The problem:
From the line that has "комерційна за адресою Нове вул., 52" down to the last line of the data below, set down every line exactly, but none of the pictures.

Raw data:
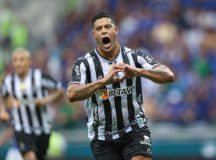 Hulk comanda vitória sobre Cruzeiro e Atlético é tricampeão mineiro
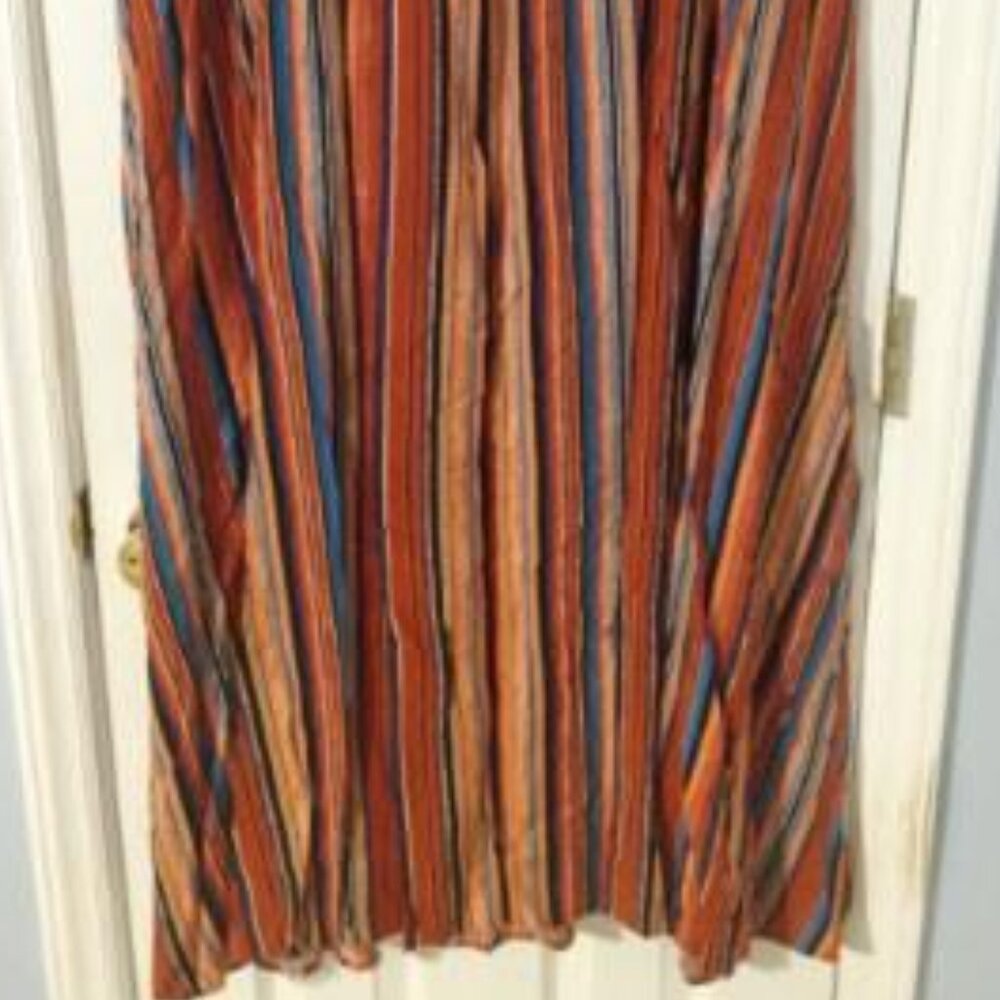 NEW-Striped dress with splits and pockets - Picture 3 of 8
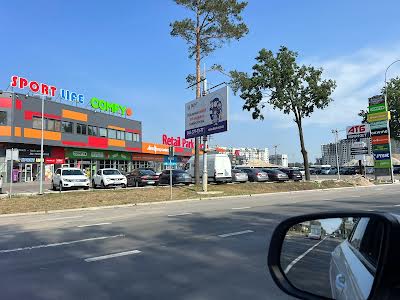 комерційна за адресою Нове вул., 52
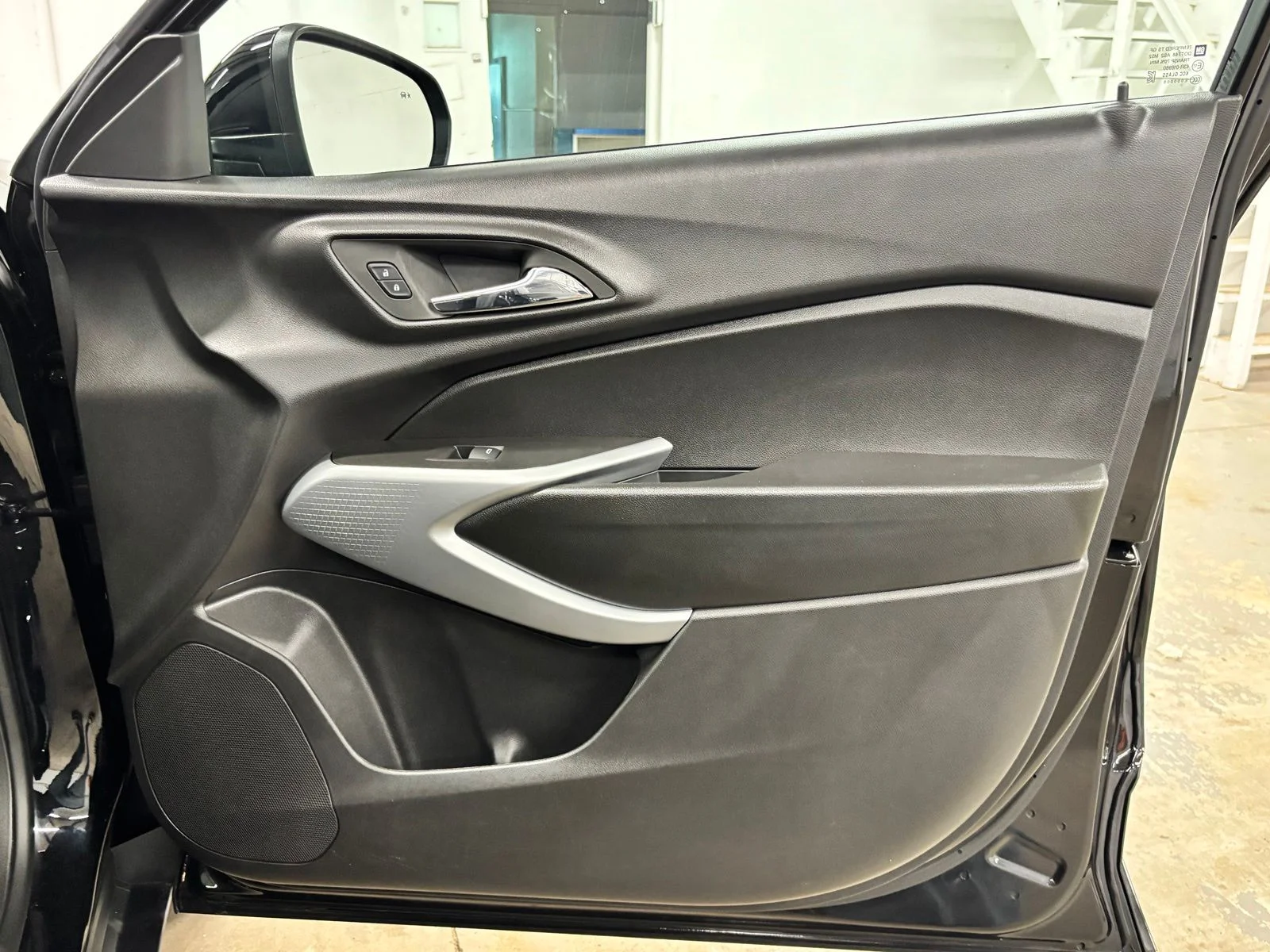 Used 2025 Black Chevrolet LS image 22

Your response:
 комерційна за адресою Нове вул., 52
 Used 2025 Black Chevrolet LS image 22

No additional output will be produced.